Most measures tend to be domain-specific, such as decision-making in the household, economic or political sphere, and so a comprehensive understanding of empowerment must include a range of metrics that operate on an individual, relational and societal level (Huis et al., 2017; Nussbaum, 2001). Then, there are choices as to whether to measure quantitatively or qualitatively and with what unit of analysis (Ibrahim & Alkire, 2007; Narayan, 2005). This also involves deciding which variables are universal versus context-specific (Ibrahim & Alkire, 2007; Narayan, 2005). For example, is the metric of women holding their own bank account one indicator of women’s empowerment that is true in all contexts, or is it possible that in some contexts, women prefer a community-based approach to financial security?  Further, these measures can include aspects that are intrinsic versus material. For example, is it important for indicators to differentiate what powers are valued whether or not people have them? (Ibrahim & Alkire, 2007). 

With so many choices at various societal levels, this leads to a concern with the measures’ scope of complexity versus precision within a particular context.  Huis et al. (2017) stress that aggregates, like development indices, don’t adequately capture the dynamics of empowerment at the personal, relational, and societal level. Yet single-dimensional measures of societal empowerment, for example, those that assess the numbers of women in positions of leadership or other societal function, are too narrow and may not give a complete picture of women’s position and agency in their societal context either (Huis et al., 2017). One of the single most often used indicator of empowerment is control over income, though this question alone does not shed light on the division of labor within a household, nor preferences or choice regarding the earning of said income (Ibrahim & Alkire, 2007). For example, just because women may choose how to spend certain money at the market for their family’s nutrition, they may still be severely limited in whether and how they can earn any of that income without their husband’s permission. 

Methods

In addition to the indicators themselves, there are challenges with choosing adequate methods of evaluation.

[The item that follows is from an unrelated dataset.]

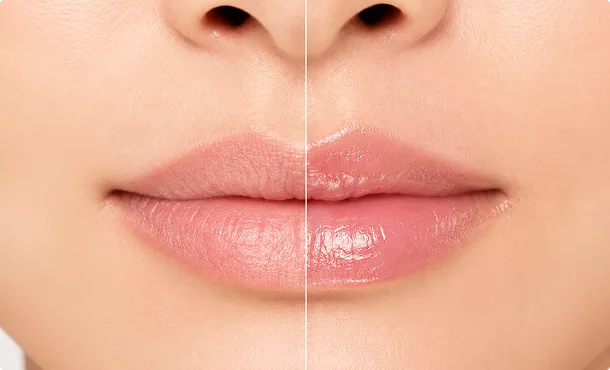 deeply-moisturizes-lips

Who should conduct the measurements – should all measures be self-reported, subjective perspectives of the vulnerable themselves, or independent professional assessments of objective or observational indicators? Processes can also either be imposed and unempowering or empowering and completely unique to the particular context at hand (Jupp & Ali, 2010). Thus, much of the efforts towards measuring empowerment and agency are seen as either anecdotal and less consequential when information comes from communities themselves, or involving simplified metrics imposed by outsiders for their own use, eliminating the empowering learning process within the local community (Jupp & Ali, 2010).

Processes led by professionals differ by field – psychology and clinical research use randomized controlled trials; economics and sociology use and manipulate large surveys; anthropology uses ethnographic methods such as life histories; and participatory practitioners learn by doing and listening to local communities (Narayan, 2005).   Bias can also show up in the interpretation of data dependent upon who is conducting the evaluation. The metrics chosen are often related to the outcomes sought by the professionals carrying out the evaluation – for example, sociologists may be looking for changes in rights and power while economists may be looking for economic outcomes and efficiencies (Jull & Ali, 2010).  As such, it can be inherently ineffective, if not inappropriate, for empowerment to be decided by outsiders or for outsiders’ exclusive use (Nilsson and Thorfinn, 2010). 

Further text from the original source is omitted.